From this link
If $X$ is an $\infty$-groupoid, then a property $P$ of objects of $X$ is compatible with equivalence if, whenever $P(a)$ holds for an object $a$ of $X$ and $b$ is equivalent (as an object of $X$) to $a$, then $P(b)$ holds. Alternatively, an operation $f$ from objects of $X$ to objects of (another $\infty$-groupoid) $Y$ is compatible with equivalence if, whenever $a$ and $b$ are equivalent objects of $X$, $f(a)$ and $f(b)$ are equivalent (as objects of $Y$).
in the same link is written:
The operation-version of the principle of equivalence gives the property-version if you think of a property as an operation taking values in the $\infty$-groupoid (in fact a $0$-groupoid, or set) of truth values. (The property-version also gives the operation-version, although that is a little more involved.)
Here is my question: how can you recast the operation-version of the principle of equivalence in the property-version?
I think I finally got it.
For each operation $f$ defined between two (object-sets) of two $\infty$-groupoids $X$ and $Y$ and each object $a \in X$ we can define the property $$P_{f,a}(x) \equiv f(a) \sim f(x)$$ where $x \sim y$ stands for $x$ is equivalent to $y$.
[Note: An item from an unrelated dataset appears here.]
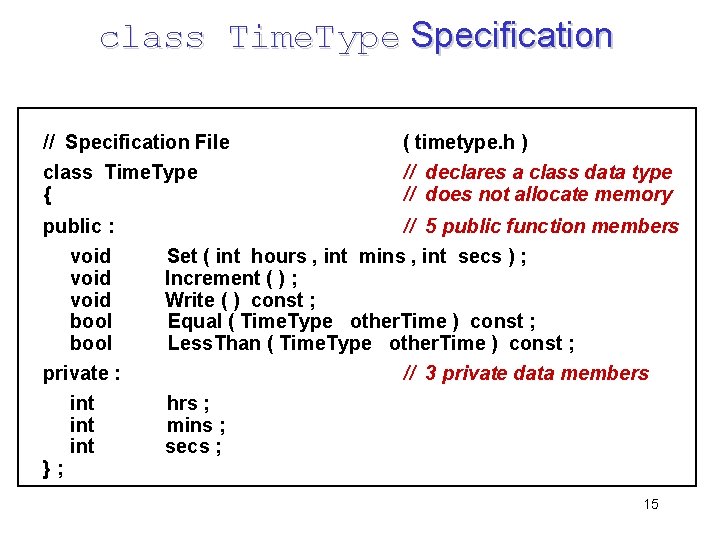 class Time. Type Specification // Specification File ( timetype. h ) class Time. Type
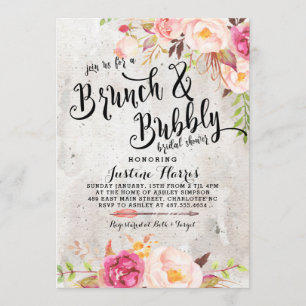Boho Brunch et bulle nuptiale douche Invitation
Then the operation $f$ satisfies the principle of equivalence (i.e. is compatible with equivalence) if and only if for each $a \in X$ the property $P_{f,a}(x)$ is compatible with equivalence.
Indeed if $f$ is compatible with equivalence then for every $a \in X$ if $b,c \in X$ are such that $b \sim c$ then we have $$P_{f,a}(b) \equiv f(a) \sim f(b)\ ,$$ $$P_{f,a}(c) \equiv f(a) \sim f(c)$$ and $$f(b) \sim f(c)$$ hence, since $\sim$ is an equivalence relation, it follow that $P_{f,a}(b) \iff P_{f,a}(c)$.
On the other hand if for each $a \in X$ the property $P_{f,a}(x)$ satisfies the principle of equivalence then for each pair $a,b \in X$ if $a \sim b$ we have that $$P_{f,a}(a) \equiv f(a) \sim f(a)$$ is clearly true and so $$P_{f,a}(b) \equiv f(a) \sim f(b)$$ must be true too.